En cuanto al circuito transmisor, el otro dia encontre uno d esos controles d alarmas d autos el cual tiene un ht12e (q es el mismo encoder q usaba para codificar los datos junto con los modulos) algunas resistencias, capacitores, diodos, y un transistor y una bobina ajustable..eso es todo el control, parece sencillo.. pero en cuanto al receptor no se como hacerlo, alguien me podria guiar masomenos a armarlo?  

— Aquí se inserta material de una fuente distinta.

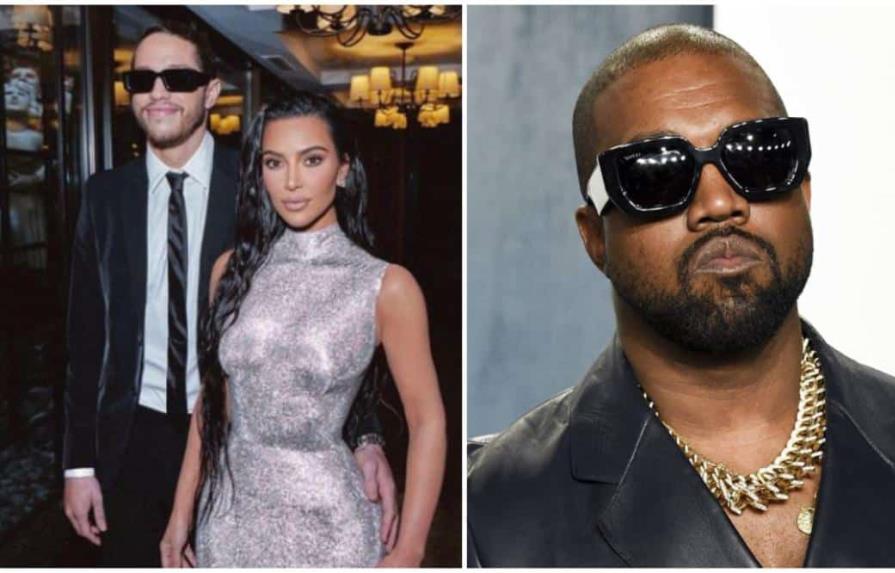 La polémica frase con la que Kanye West se burló de Pete Davidson tras ruptura de Kim Kardashian
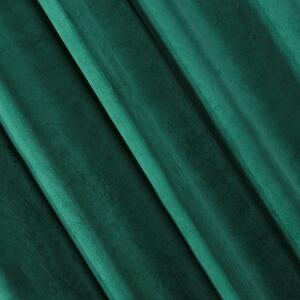 Zatemňovací závěs na kroužcích VILLA tmavě zelený 140x250 cm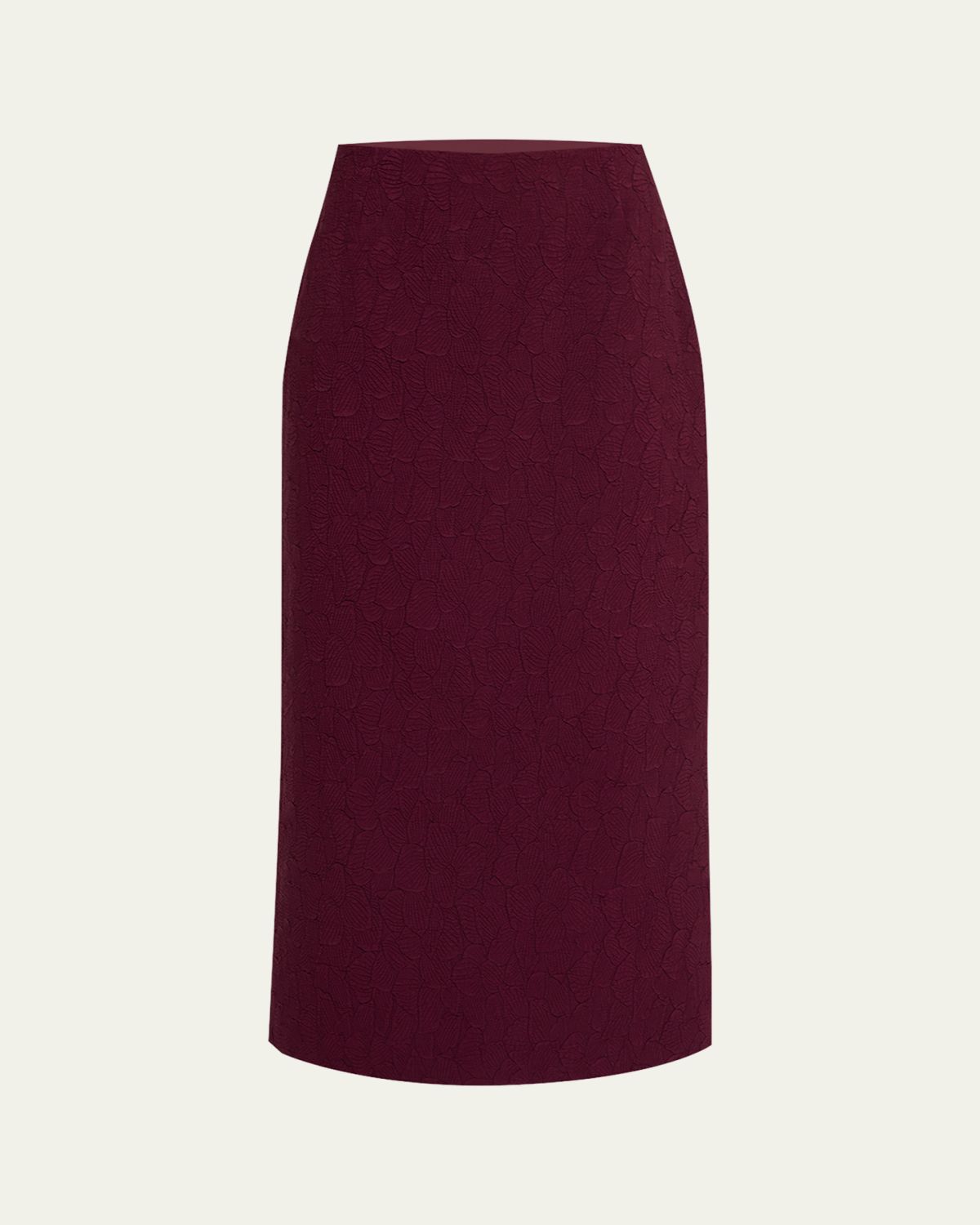 Lafayette 148 New York Straight Jacquard Midi Skirt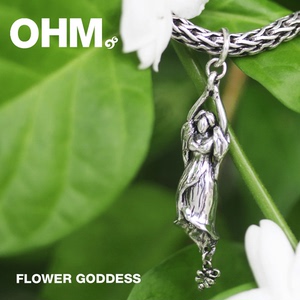 OHMbeads OHM 美国 925银 23-3 Flower Goddess 花神 蜜蜂 吊坠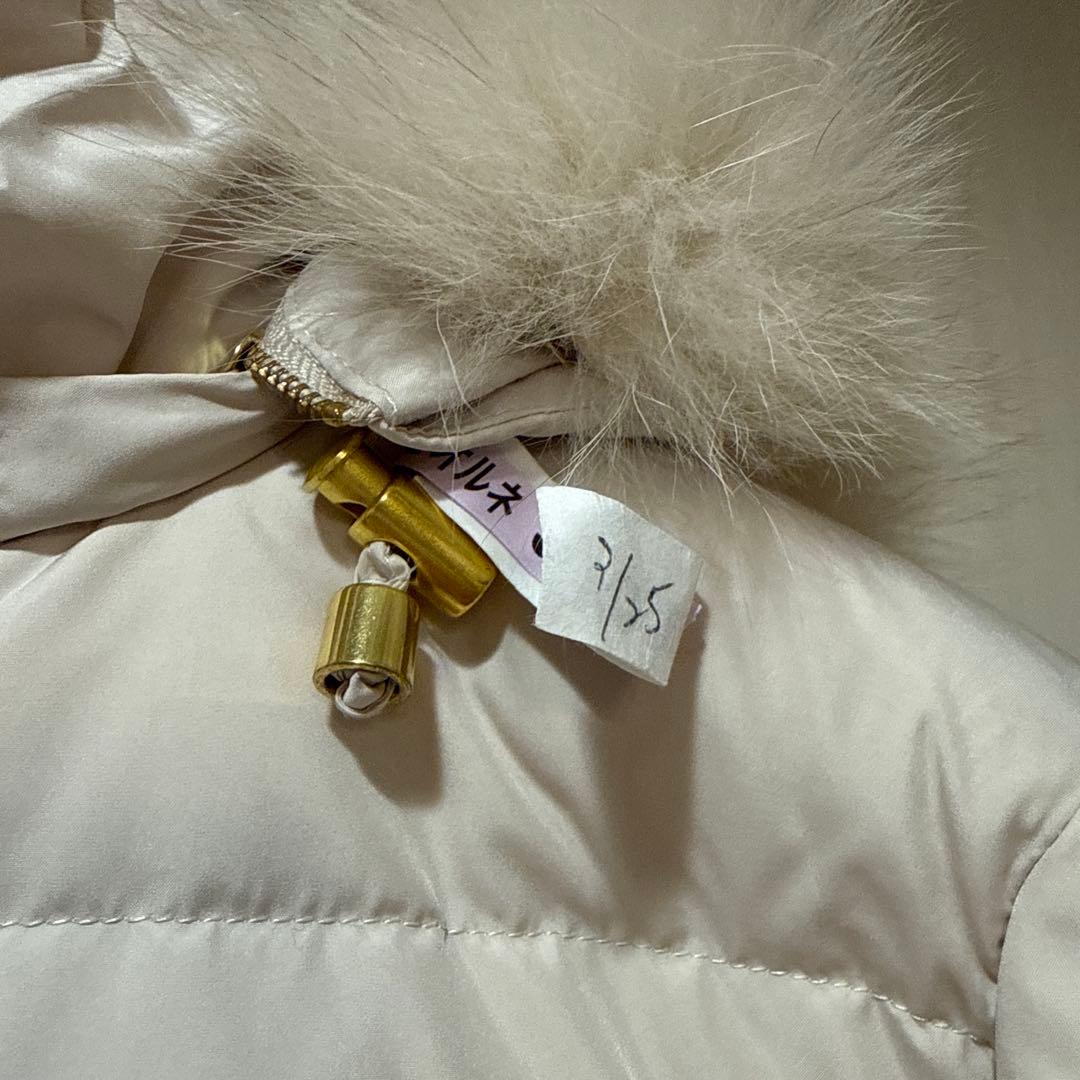 フォックスファー付ショートダウン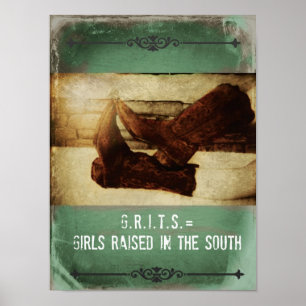 Grit and Cowgirls Poster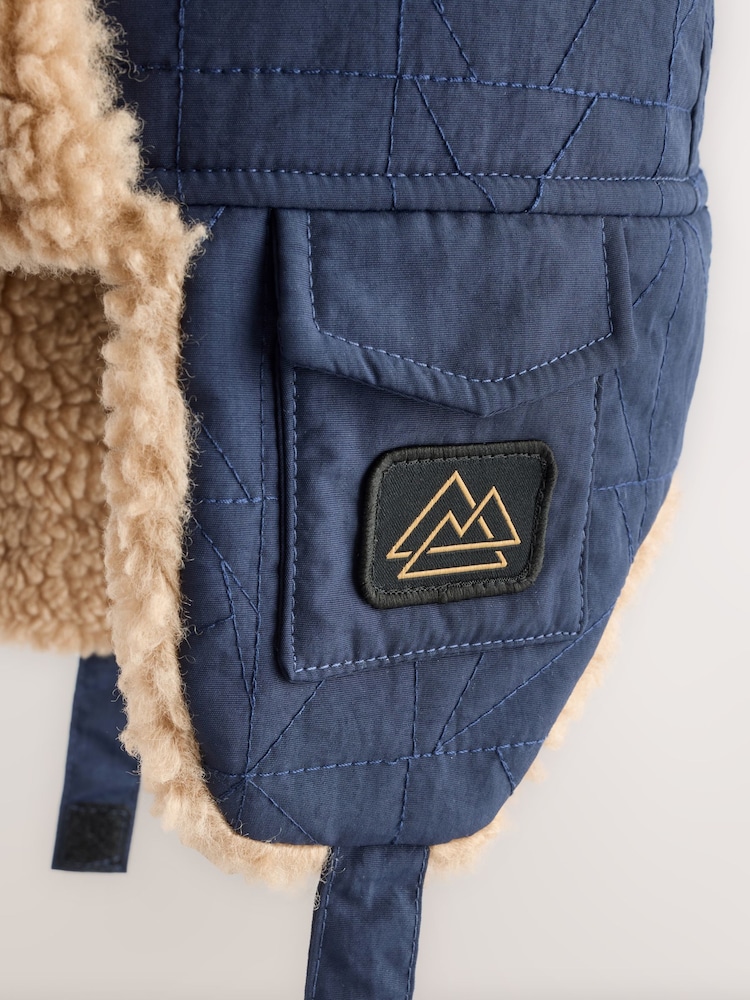 Navy Blue Quilted Trapper Hat (1-16yrs) - Image 2 of 5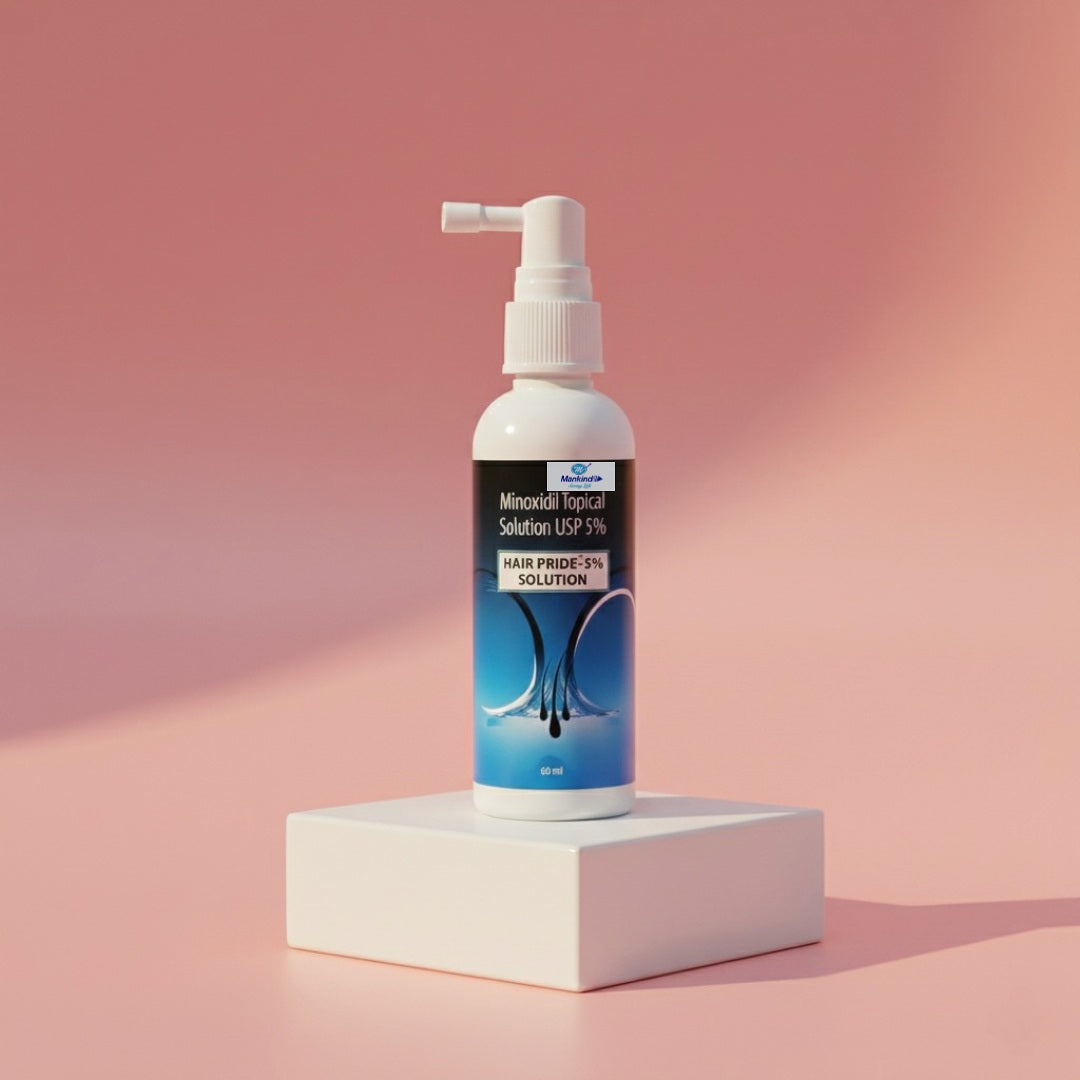 "MINOXIDIL" 5% BY MANKIND . Tropical solution 60ml . Genric name "HAIR PRIDE 5% solution"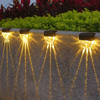 Lámpara solar LED de color blanco cálido para escaleras, luces de jardín para exteriores, luz solar impermeable para balcón, decoración para valla de escalera de Patio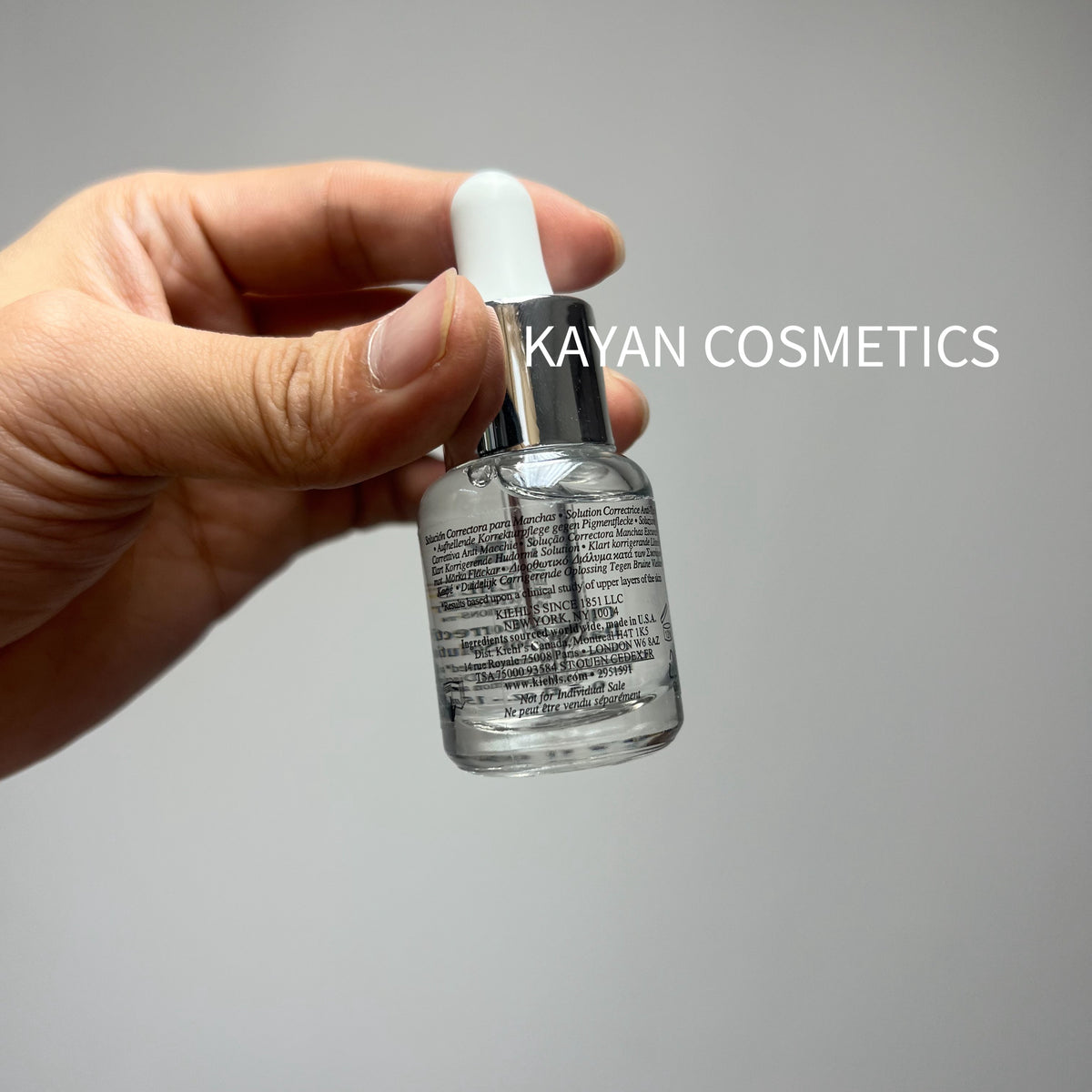 Kiehl's Clearly Corrective Dark Spot Solution 美白淡斑精華 集煥白均衡亮膚淡斑精華15ml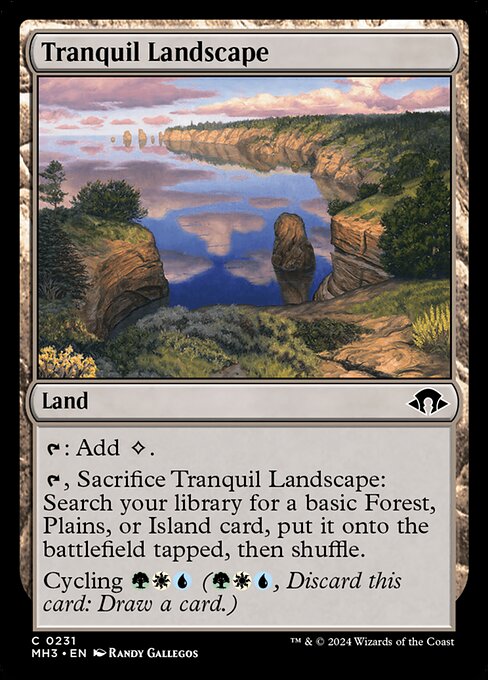 Tranquil Landscape - Modern Horizons 3 Magic card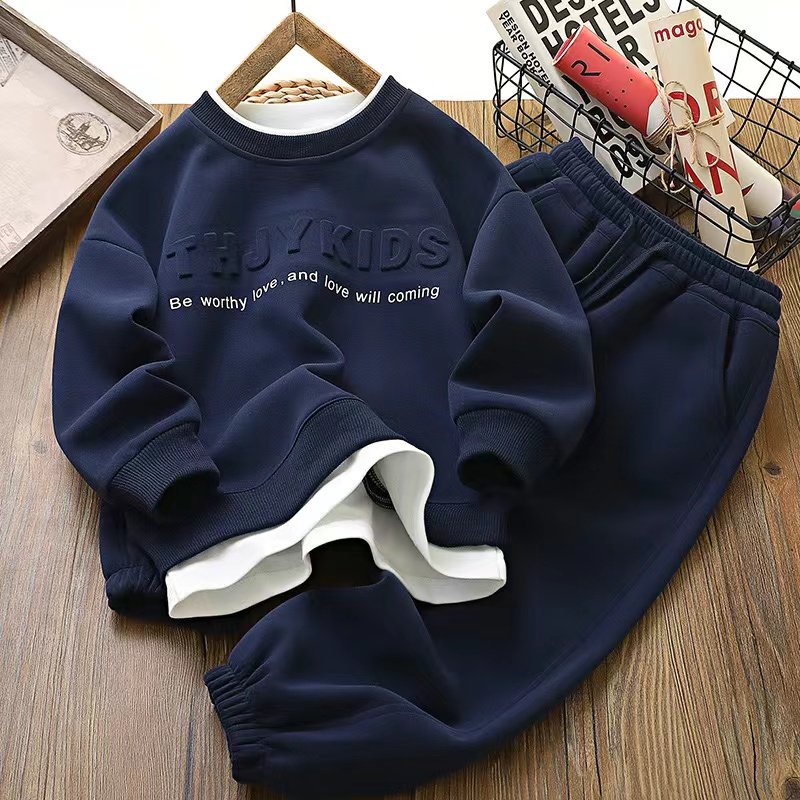 Child Sweatshirt And Pants Suit Kid Kids Sets Two Piece Winter Clothing Sets Tracksuit Sweatshirt With Sweatpants 2 Piece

espero haberme explicado bien!.. si ya existe un tema parecido avisen, yo no lo pude encontra..


----------



## tecnogirl (Mar 20, 2010)

A ver si esto te dá alguna idea:
http://mx.answers.yahoo.com/question/index?qid=20080303080721AAniriB
Saludos.


----------



## pikii (Mar 20, 2010)

gracias x responder tecnogirl.. yo se como funcionan los ht12e y ht12d.. lo que busco es comunicarlos por radiofrecuencia..como dije antes, yo usaba unos modulos de rf, pero ahora ya no los consigo..


----------